I would tend to think that a difference of about 25% is significant, and no longer noise

Well, the 25% rises slightly above the level of simply "noise", in that it is likely just enough to be at least moderately consistent (not flipping to a negative value on subsequent runs of the same benchmark). For such micro operations, even 20% can easily be simply noise, IME.

I actually think that Benchmark.pm should not (by default) try to "subtract overhead" as this (understandable) attempt to increase accuracy almost always just produces misleading or useless information. If the operations being benchmarked are so small that subtracting overhead matters much, then they are also so small that (in Perl) the moderate changes in their performance almost never matter.

So I certainly disagree that getting Perl to skip stripping just the final "|" is "significant" when considering performance (but certainly could be significant as to whether your results are correct or not). Build a real script that does something useful with the benchmarked code and then add in the limit of 3 (and tolerate getting different results) and I'd be shocked if the performance difference is something anybody would notice.

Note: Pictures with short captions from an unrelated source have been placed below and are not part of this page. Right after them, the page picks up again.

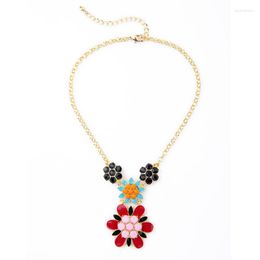 Pendant Necklaces Ethnic Spike Red Flower Fancy Necklace For Women Gold Colour Noble Pendants Bib Long Chic Brand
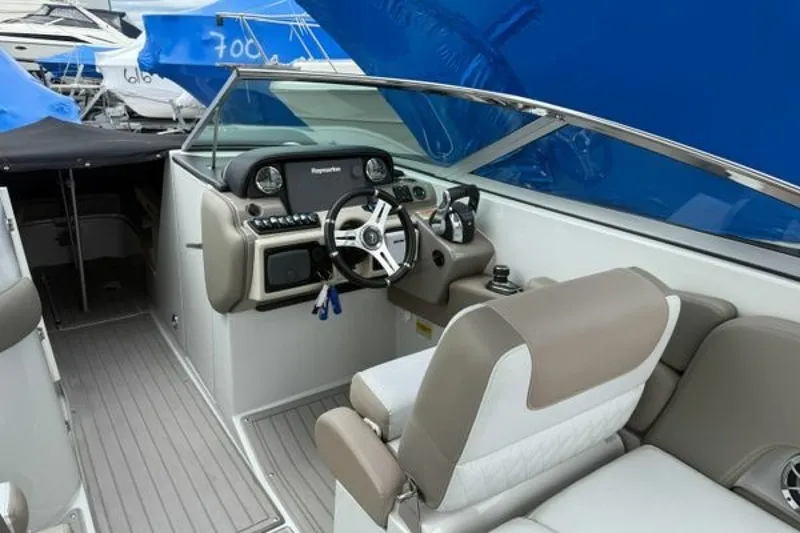 Slide: The Image of Crownline Boats E30 2018 - 7507565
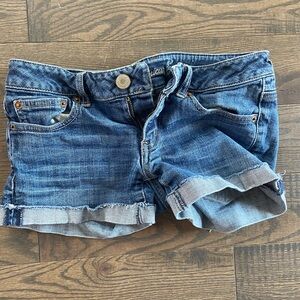 American Eagle Size 6 Denim Shorts Medium Wash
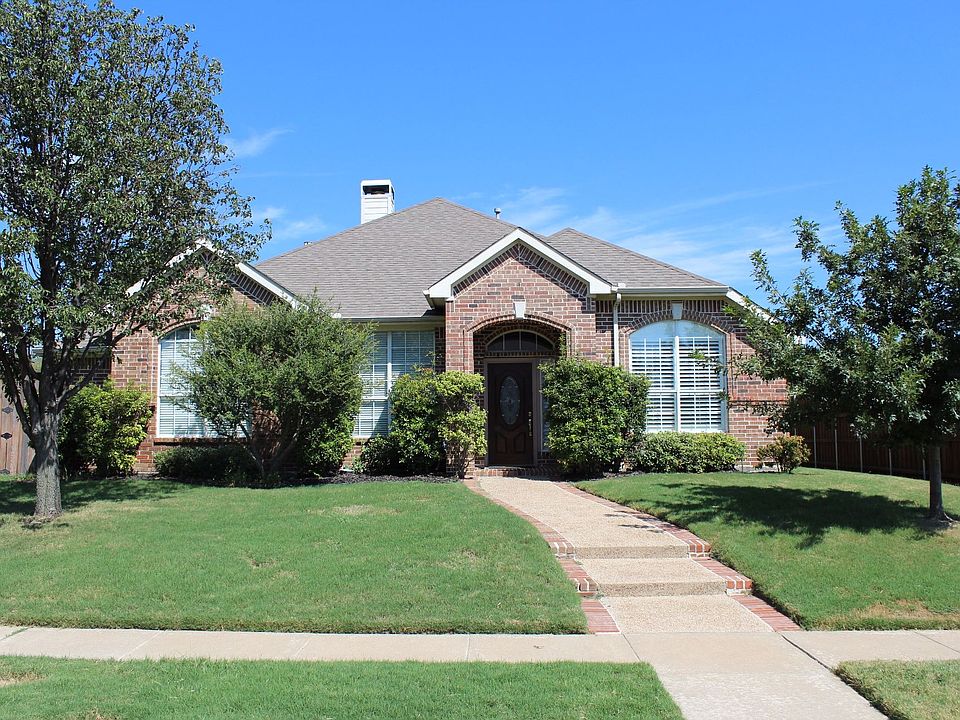 1st image of 3013 Edwards Dr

The total performance change might even be so small as to make it difficult to even consistently measure. (Of course, if you drastically change, for example, the data being operated on, then you can drastically change the performance differences and so the results could be completely different -- even in the opposite direction.)

And I consider "is significant" to be a higher bar than "is noticeable" (which is higher than "can be measured").

If you want to know if you have actually found a performance improvement that is "significant", then you really need to benchmark operations that (in Perl) take a lot more than 1 micro-second.

You can do this by operating on more or larger data. Though, this makes your benchmark of questionable validity if you won't be dealing with such data in reality. Or you can iterate many times within each bit of code being benchmarked. This also may threaten the validity of your benchmark if the code in question will never be iterated in such a direct way, of course.

If you want accurate benchmarks, then benchmark code that is an accurate representation of what your real code will be doing. Your real code doesn't get to "subtract overhead" so Benchmark.pm doing that mostly makes the results less realistic (but more "fun").

Thank you very much, tye, for your very useful and interesting comments.

Well, if you had repeated the same check that I did above (verify that your different approaches are actually doing the same thing) ...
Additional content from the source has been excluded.